◆ TASK DESCRIPTION
Drop the images; return everything else in the listing below exactly.

------ THE DATA

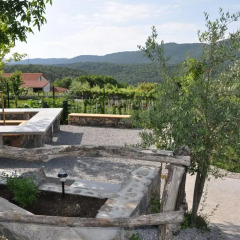 Pliskovica Youth Hostel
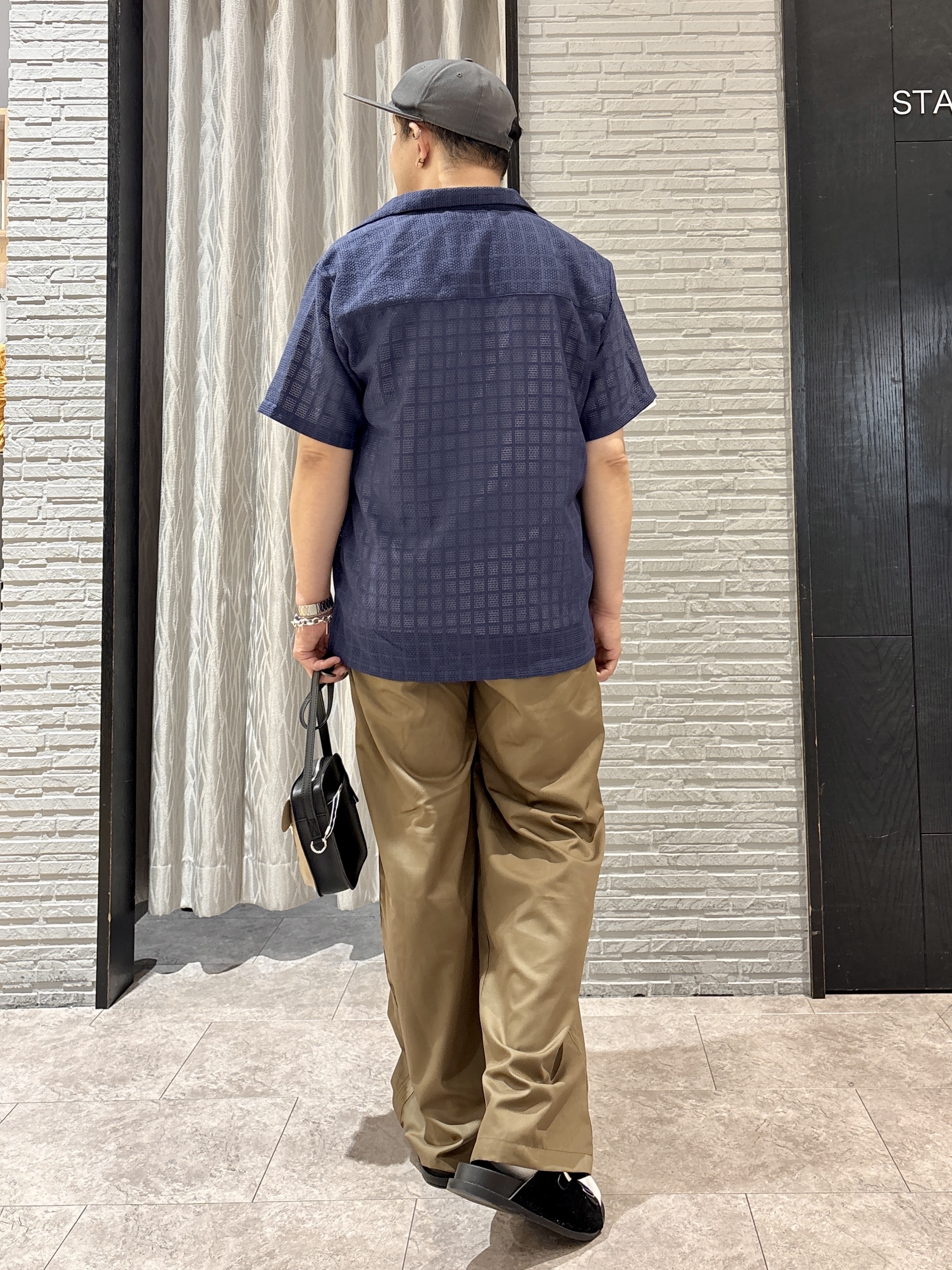 Pーyamaさんの「THE SHOP TK｜【洗濯機OK】格子柄メッシュ半袖シャツ」を使ったコーディネート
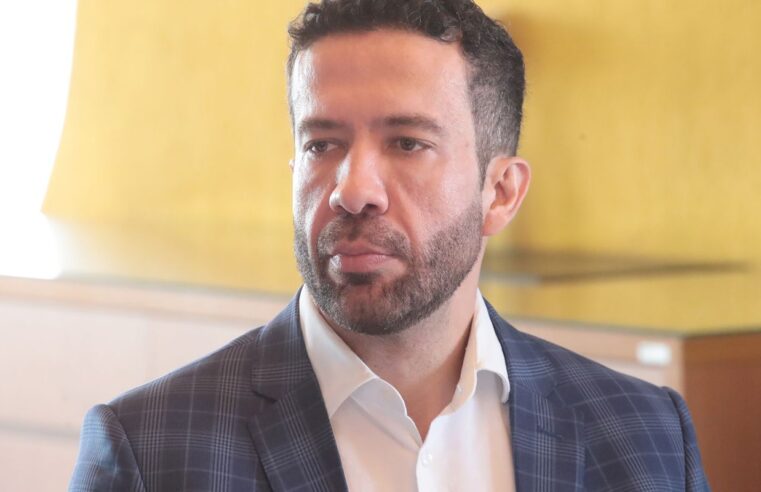 Janones poderá ter alta em 48 horas, diz boletim médico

------------

◆ RESPONSE FOR THIS EXERCISE
 Pliskovica Youth Hostel
 Pーyamaさんの「THE SHOP TK｜【洗濯機OK】格子柄メッシュ半袖シャツ」を使ったコーディネート
 Janones poderá ter alta em 48 horas, diz boletim médico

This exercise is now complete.